The Times reports that the city reached the settlement with Michael Poventud, 45, yesterday. Poventud was convicted of attempted murder and attempted robbery in 1998 and spent nine years in prison, but the conviction was vacated in 2005 after it was revealed that cops covered up evidence that his brother, who was in jail at the time, had been identified as a suspect first.
Poventud then pleaded guilty in 2006 to attempted robbery, a lesser charge that netted him a one year sentence and an immediate release. His attorneys claim he only took the plea to get out of jail instead of staying behind bars while awaiting a retrial. Poventud sued the city for wrongful conviction, but that suit was dismissed in 2012 thanks to the guilty plea.

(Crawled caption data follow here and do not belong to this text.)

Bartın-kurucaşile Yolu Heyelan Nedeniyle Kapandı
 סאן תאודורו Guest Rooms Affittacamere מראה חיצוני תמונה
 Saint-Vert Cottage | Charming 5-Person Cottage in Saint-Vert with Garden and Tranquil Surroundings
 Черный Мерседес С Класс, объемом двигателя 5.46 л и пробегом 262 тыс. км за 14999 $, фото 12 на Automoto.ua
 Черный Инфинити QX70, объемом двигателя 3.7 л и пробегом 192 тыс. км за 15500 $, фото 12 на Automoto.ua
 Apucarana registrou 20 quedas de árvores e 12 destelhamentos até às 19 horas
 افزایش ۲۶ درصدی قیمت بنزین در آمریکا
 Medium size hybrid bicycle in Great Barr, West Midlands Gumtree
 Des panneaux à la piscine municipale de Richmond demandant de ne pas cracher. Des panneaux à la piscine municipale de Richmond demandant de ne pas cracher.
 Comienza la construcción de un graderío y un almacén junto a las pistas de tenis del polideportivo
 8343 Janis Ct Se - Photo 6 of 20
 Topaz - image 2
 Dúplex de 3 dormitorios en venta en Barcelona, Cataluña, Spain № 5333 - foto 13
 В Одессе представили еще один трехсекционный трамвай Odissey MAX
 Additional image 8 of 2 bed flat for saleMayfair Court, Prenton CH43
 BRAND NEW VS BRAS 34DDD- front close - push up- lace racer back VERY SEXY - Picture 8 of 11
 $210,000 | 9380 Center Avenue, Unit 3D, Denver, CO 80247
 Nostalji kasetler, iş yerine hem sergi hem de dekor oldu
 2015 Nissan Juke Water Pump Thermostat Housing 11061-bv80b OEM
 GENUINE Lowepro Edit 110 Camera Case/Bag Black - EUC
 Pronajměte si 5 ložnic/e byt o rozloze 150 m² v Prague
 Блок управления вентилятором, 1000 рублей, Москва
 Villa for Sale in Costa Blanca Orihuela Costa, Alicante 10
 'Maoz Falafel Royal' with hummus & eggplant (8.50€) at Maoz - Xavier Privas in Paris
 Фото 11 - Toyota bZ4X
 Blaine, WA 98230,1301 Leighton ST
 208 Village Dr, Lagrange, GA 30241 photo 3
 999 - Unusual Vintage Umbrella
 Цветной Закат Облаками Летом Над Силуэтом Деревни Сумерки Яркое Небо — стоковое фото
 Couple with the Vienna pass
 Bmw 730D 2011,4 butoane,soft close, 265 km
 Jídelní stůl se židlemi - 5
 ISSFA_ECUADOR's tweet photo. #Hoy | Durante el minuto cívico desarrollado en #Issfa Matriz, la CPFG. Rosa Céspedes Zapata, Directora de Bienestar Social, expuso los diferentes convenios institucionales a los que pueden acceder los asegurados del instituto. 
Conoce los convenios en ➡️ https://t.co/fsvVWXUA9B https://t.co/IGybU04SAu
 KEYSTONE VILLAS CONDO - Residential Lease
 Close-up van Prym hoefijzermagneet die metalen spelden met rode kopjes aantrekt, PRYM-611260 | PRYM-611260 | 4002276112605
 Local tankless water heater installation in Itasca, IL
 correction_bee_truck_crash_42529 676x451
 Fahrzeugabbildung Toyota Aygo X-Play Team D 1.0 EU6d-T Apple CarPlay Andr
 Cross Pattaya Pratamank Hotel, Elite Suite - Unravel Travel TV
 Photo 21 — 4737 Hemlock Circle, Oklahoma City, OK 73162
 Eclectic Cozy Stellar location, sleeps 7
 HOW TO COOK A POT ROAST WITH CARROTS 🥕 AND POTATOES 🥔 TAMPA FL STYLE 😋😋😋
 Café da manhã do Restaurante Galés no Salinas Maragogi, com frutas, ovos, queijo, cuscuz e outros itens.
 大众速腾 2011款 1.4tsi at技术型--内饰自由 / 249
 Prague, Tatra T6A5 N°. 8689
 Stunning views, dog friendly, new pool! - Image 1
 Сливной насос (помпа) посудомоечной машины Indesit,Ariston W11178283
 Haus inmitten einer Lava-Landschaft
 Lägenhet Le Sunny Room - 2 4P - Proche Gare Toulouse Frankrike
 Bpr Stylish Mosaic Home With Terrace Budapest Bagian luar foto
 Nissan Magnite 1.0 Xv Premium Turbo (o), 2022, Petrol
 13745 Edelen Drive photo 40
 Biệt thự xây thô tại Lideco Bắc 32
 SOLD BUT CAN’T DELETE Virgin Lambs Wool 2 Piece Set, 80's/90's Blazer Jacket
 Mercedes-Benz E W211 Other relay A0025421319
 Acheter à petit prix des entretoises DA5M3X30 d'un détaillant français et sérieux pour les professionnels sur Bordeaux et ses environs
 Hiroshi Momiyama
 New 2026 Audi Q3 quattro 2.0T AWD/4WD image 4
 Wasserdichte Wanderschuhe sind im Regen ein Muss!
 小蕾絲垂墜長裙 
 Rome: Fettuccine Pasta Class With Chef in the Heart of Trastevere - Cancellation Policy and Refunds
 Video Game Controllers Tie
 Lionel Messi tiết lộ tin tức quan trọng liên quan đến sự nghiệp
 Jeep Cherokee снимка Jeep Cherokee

That decision was reversed in 2014. "I feel super hyped," Poventud told the Daily News at the time. "I just can't believe how finally, after all this time, the justice system is listening. The truth will set you free."
Now, Poventud has gotten at least some reparation for his time behind bars, after a judge ruled that the apparent cop cover-up violated his right to a fair trial, and that he was entitled to settlement. Here's what the city Law Department has to say:
This case raised a novel legal issue concerning the resolution of the plaintiff’s criminal charges and its effect on his civil claims. In light of the court’s rulings continuing this litigation, an assessment of the evidentiary record and the substantial attorney’s fees that could be awarded in this 2007 action, settlement of this matter was fair and in the best interest of the City.
Poventud told the Times, "Nothing can give me back those years of my life I lost, but I’m happy to put this behind me."